» WORK ORDER
Images are not part of the copy; write out the rest of the data exactly as given.

» INPUT DATA

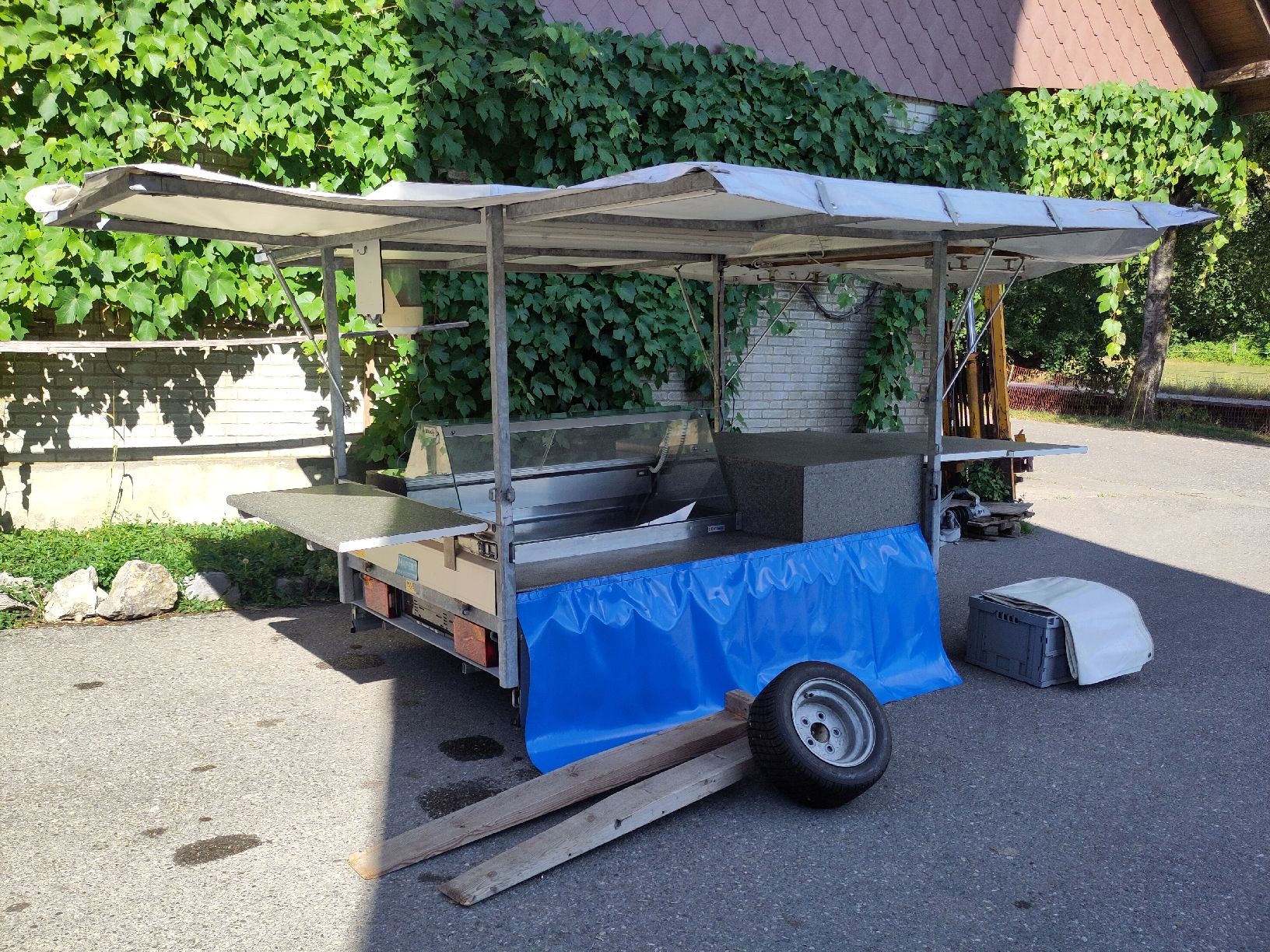 Sonstiges für Firmenanlässe & Parties: Markt-Anhänger mit Kühlung – Gebraucht aus Rothrist von Kayra-90 1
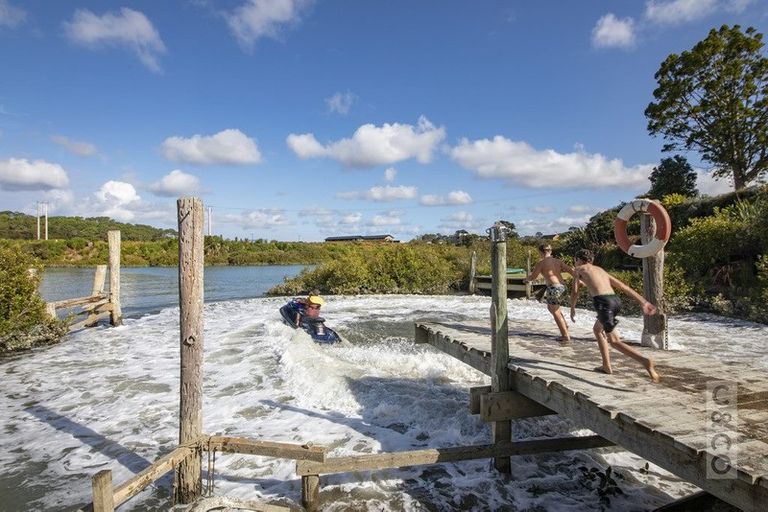 Photo of property in 18 Kent Terrace, Riverhead, 0820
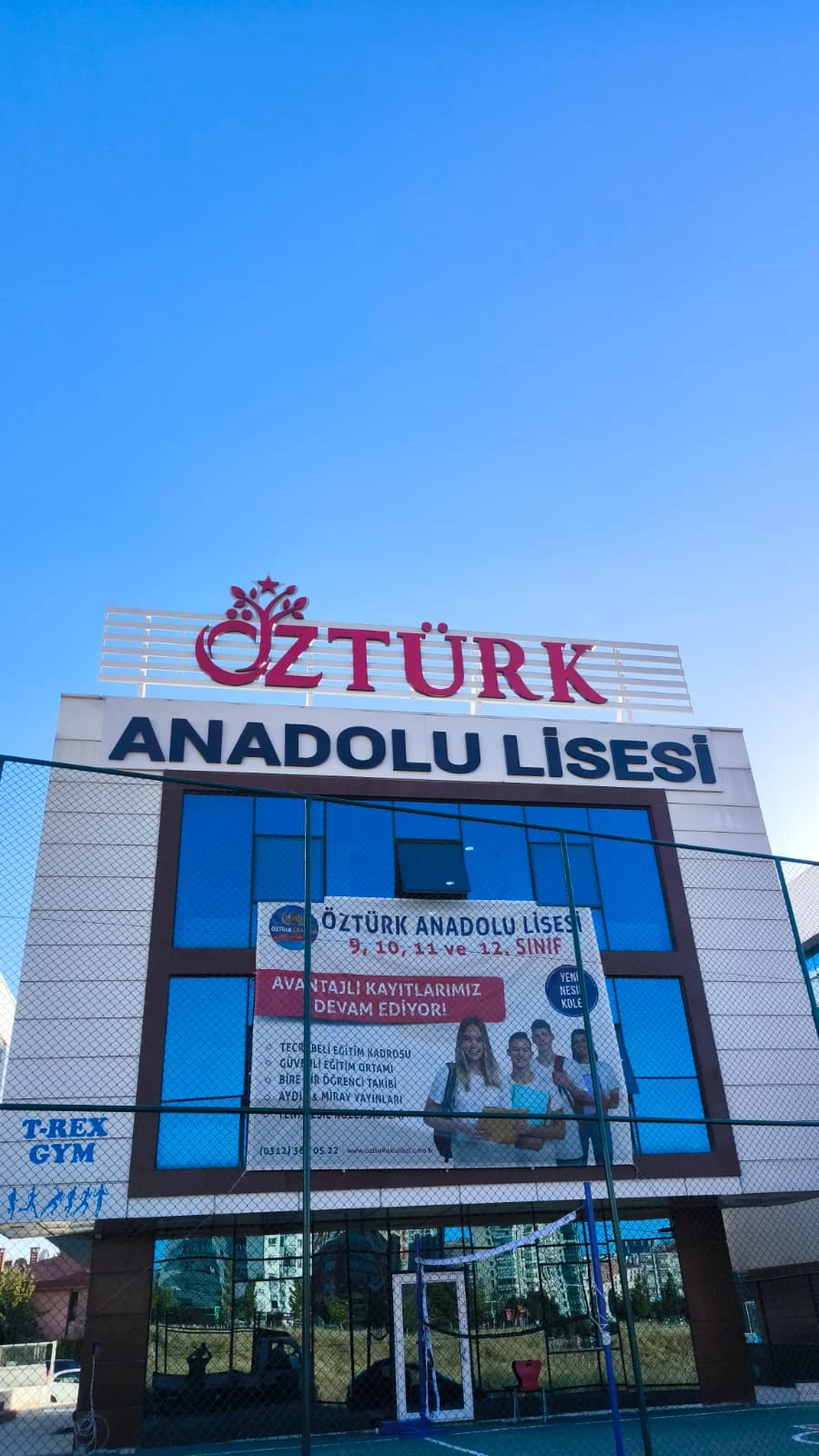 Öztürk Anadolu Lisesi Ankara cephe ve çatı tabela uygulaması
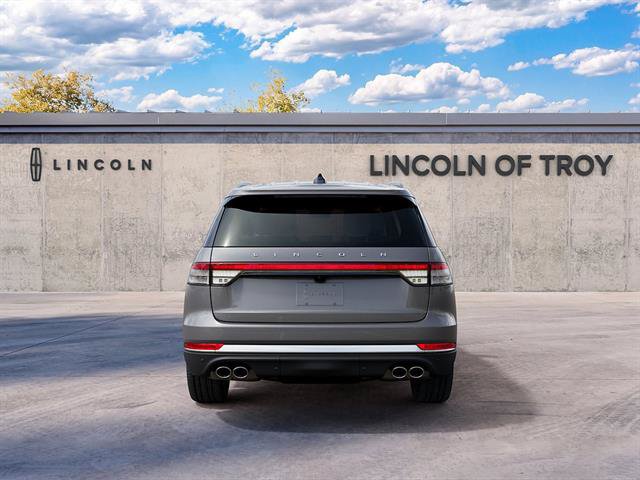 New 2027 Lincoln Aviator AWD image 7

» RESPONSE TO THIS TASK
 Sonstiges für Firmenanlässe & Parties: Markt-Anhänger mit Kühlung – Gebraucht aus Rothrist von Kayra-90 1
 Photo of property in 18 Kent Terrace, Riverhead, 0820
 Öztürk Anadolu Lisesi Ankara cephe ve çatı tabela uygulaması
 New 2027 Lincoln Aviator AWD image 7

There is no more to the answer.